** PROBLEM TO SOLVE **
Set out the records below again exactly; skip the images.

** Opening THE RECORDS block **

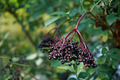 Elderberry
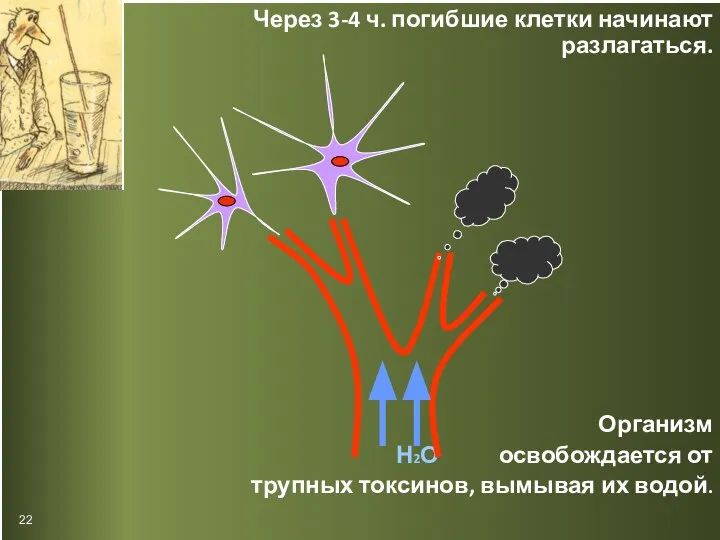 Через 3-4 ч. погибшие клетки начинают разлагаться. Организм Н2О освобождается от трупных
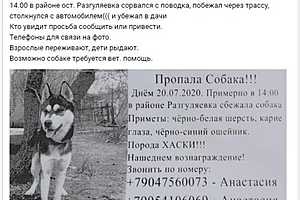 Фото: скриншот со страницы приюта "Дино" в ВКонтакте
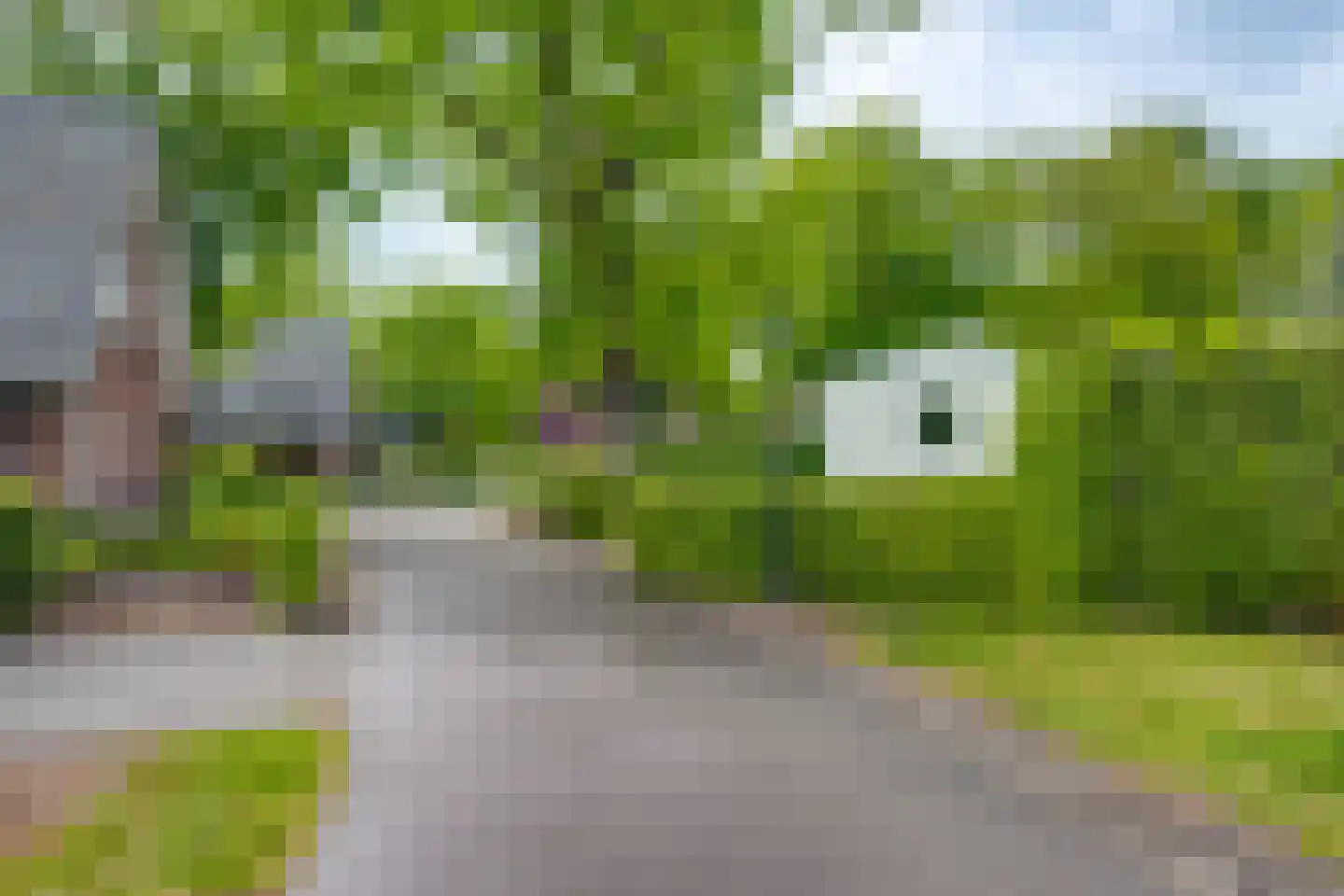 Ploegdijk 2 H280 Lochem thumbnail 36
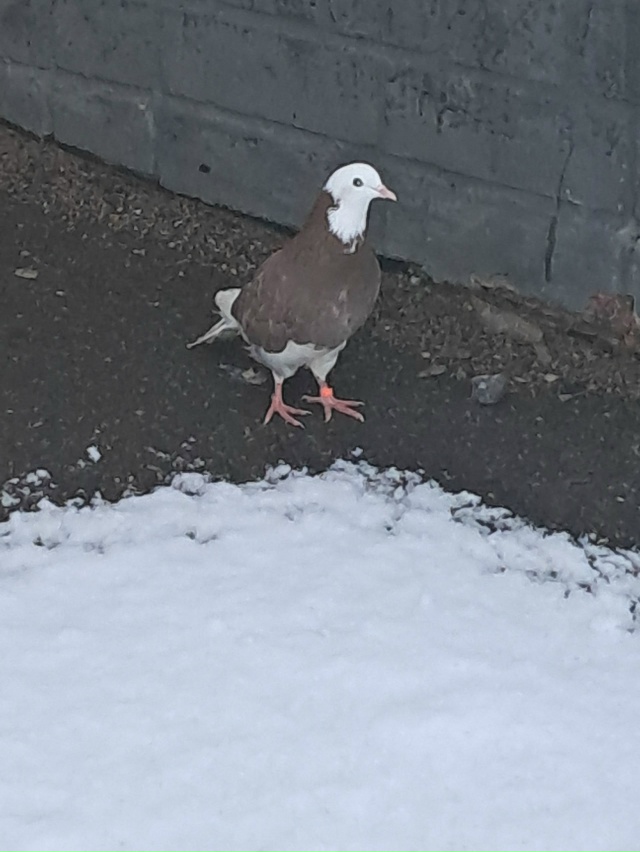 В п. Угловка, в Окуловском районе, в районе ж/д вокзала п...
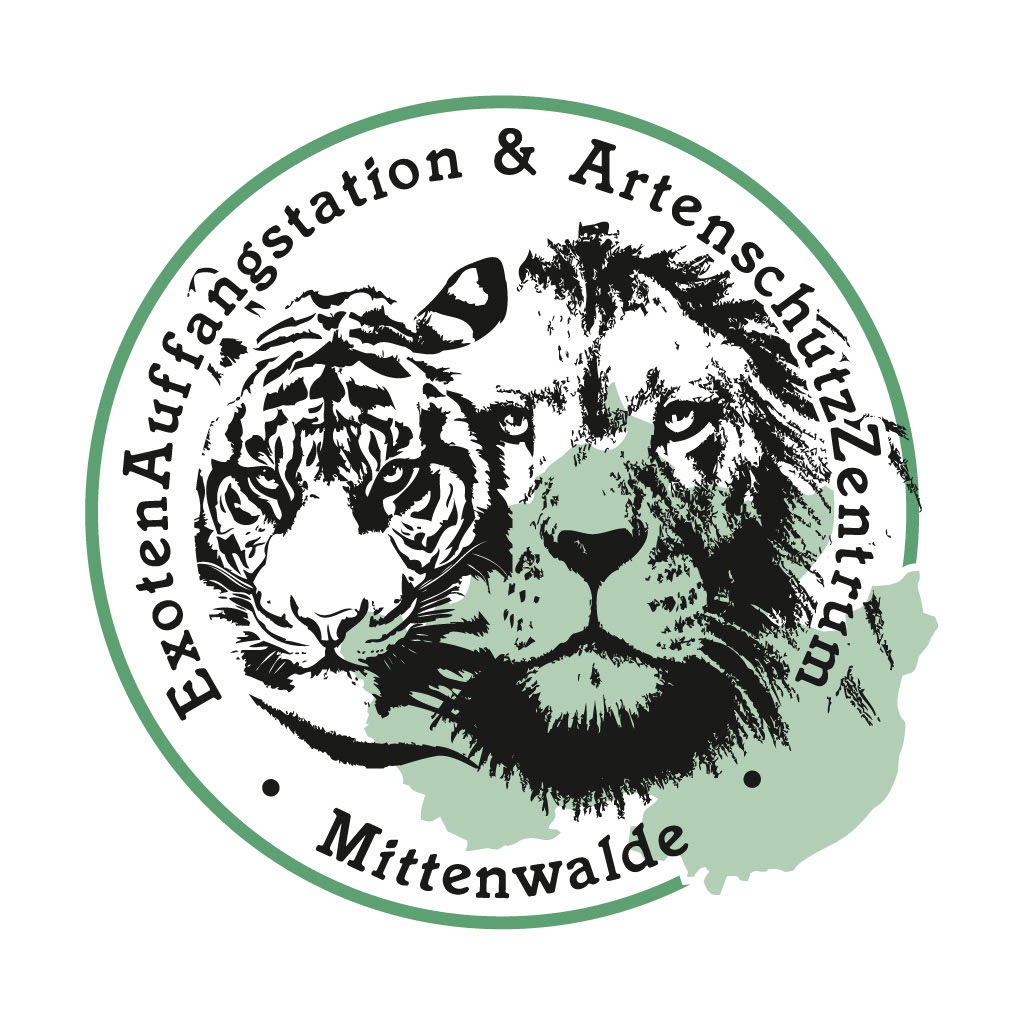 User-uploaded image 1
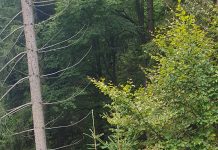 Bărbat atacat de urs la Moeciu. Victima a fost transportată la spital în stare gravă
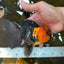 A Grade Apache Oranda Male 5.5-6 inches #081525OR_21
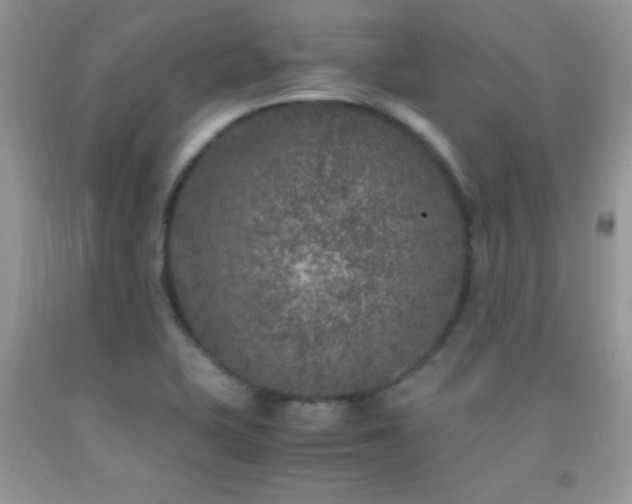 X0000092291415200709141250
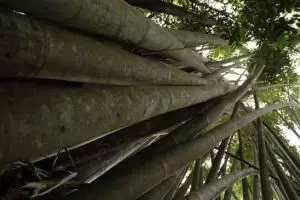 794-thailand-khao-sok-national-park-bamboe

** Closing THE RECORDS block **

** OUTPUT BELOW **
 Elderberry
 Через 3-4 ч. погибшие клетки начинают разлагаться. Организм Н2О освобождается от трупных
 Фото: скриншот со страницы приюта "Дино" в ВКонтакте
 Ploegdijk 2 H280 Lochem thumbnail 36
 В п. Угловка, в Окуловском районе, в районе ж/д вокзала п...
 User-uploaded image 1
 Bărbat atacat de urs la Moeciu. Victima a fost transportată la spital în stare gravă
 A Grade Apache Oranda Male 5.5-6 inches #081525OR_21
 X0000092291415200709141250
 794-thailand-khao-sok-national-park-bamboe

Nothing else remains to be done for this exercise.